This threat is classified as high severity. Prioritize mitigation.

🔍Indicators

  • High volume of outbound UDP/123 traffic to diverse NTP server IPs
  • Source port always 123 (NTP) with short, uniform packet sizes (~48 bytes)
  • Spoofed source addresses pointing to a victim IP (observed from network vantage points)
  • Monlist responses (REQ_MON_GETLIST, REQ_MON_GETLIST_1) received by unrelated third-party hosts
  • Traffic bursts correlated with known DDoS events reported in threat intelligence feeds
  • Absence of legitimate NTP synchronization traffic patterns (no client-server time exchanges)

🛡Detection Methods

tcpdump — capture NTP monlist traffic

# Monitor for monlist requests (mode 7, opcode 42/45)
sudo tcpdump -i eth0 -n 'udp port 123' -X | grep -A2 "monlist"

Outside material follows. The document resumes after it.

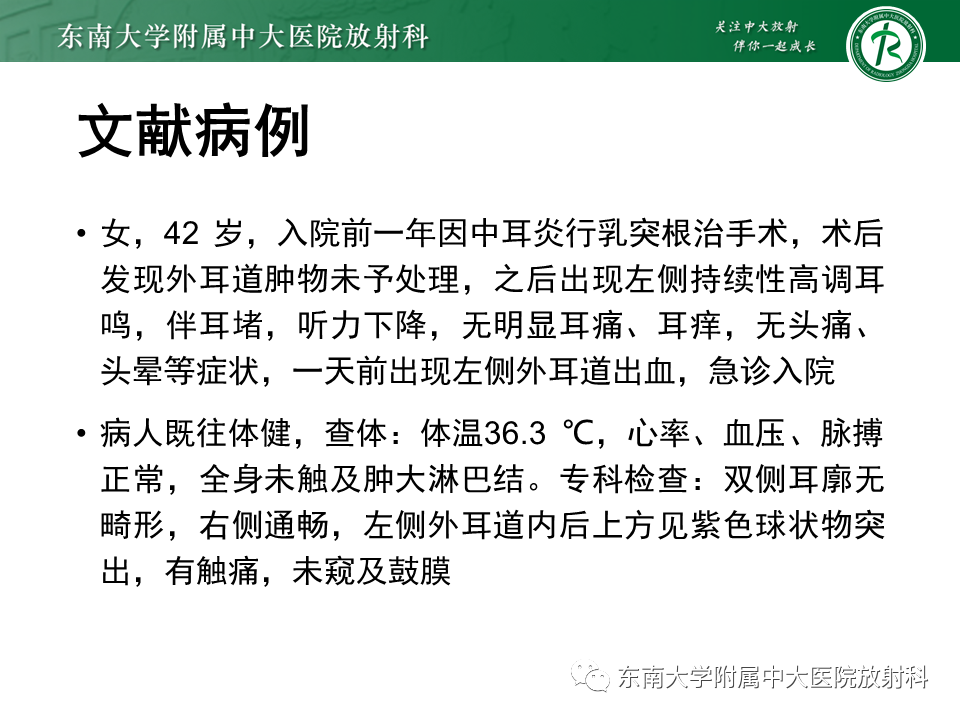 影像PPT - 【PPT】颈静脉球瘤-16 影像PPT - 【PPT】颈静脉球瘤-16
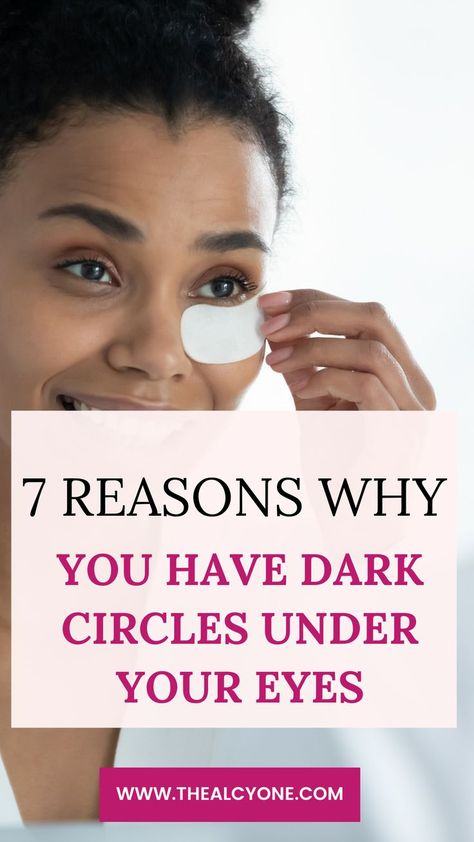 Eye Circle Remedies, Dark Circles Makeup, Dark Circle Remedies, Dark Circles Around Eyes, Hide Dark Circles, Dark Circles Treatment, Dark Eye Circles, Covering Dark Circles, Eye Cream For Dark Circles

# Capture raw NTP to file for analysis
sudo tcpdump -i eth0 -w ntp_capture.pcap 'udp port 123'

iptables — detect and log NTP amplification sources

# Log and rate-limit inbound NTP monlist responses
iptables -A INPUT -p udp --sport 123 -m length --length 400:65535 \
  -m limit --limit 10/min -j LOG --log-prefix "NTP-AMP: "
iptables -A INPUT -p udp --sport 123 -m length --length 400:65535 \
  -j DROP

Snort rule

alert udp any 123 -> any any \
  (msg:"NTP Monlist Response — Potential Amplification"; \
   dsize:>400; \
   content:"|00 06 2a|"; offset:0; depth:3; \
   classtype:attempted-dos; sid:9100019; rev:1;)

Check if your NTP server is vulnerable

ntpdc -c monlist <your-ntp-server-ip>
# If it returns a list, the server is vulnerable and must be patched

Mitigation

  1. Disable NTP monlist on all NTP servers you operate: bash # /etc/ntp.conf disable monitor Then restart: sudo systemctl restart ntp
  2. Block inbound UDP/123 at your border firewall if you do not operate a public NTP server.
  3. Implement BCP38 / uRPF (Unicast Reverse Path Forwarding) on your network edge to prevent IP spoofing originating from your ASN.
  4. Rate-limit NTP responses using iptables or router ACLs to cap outbound NTP traffic per source.
  5. Upgrade NTP software to ntpd 4.2.7p26+ or use chrony, which does not support monlist.
  6. Subscribe to DDoS threat intelligence feeds (e.g., Shadowserver, CISA advisories) to identify if your IPs are being reported as reflectors.
  7. Contact your upstream ISP if your IP is flagged — they can assist with traffic scrubbing and spoofing controls at the BGP level.

📋Real-World Examples

In February 2014, Cloudflare reported a then-record DDoS attack peaking at 400 Gbps directed at a customer, driven almost entirely by NTP amplification using misconfigured servers running vulnerable ntpd versions. The same month, a French hosting provider suffered a 480 Gbps NTP amplification attack — the largest recorded at that time — overwhelming multiple upstream transit links simultaneously.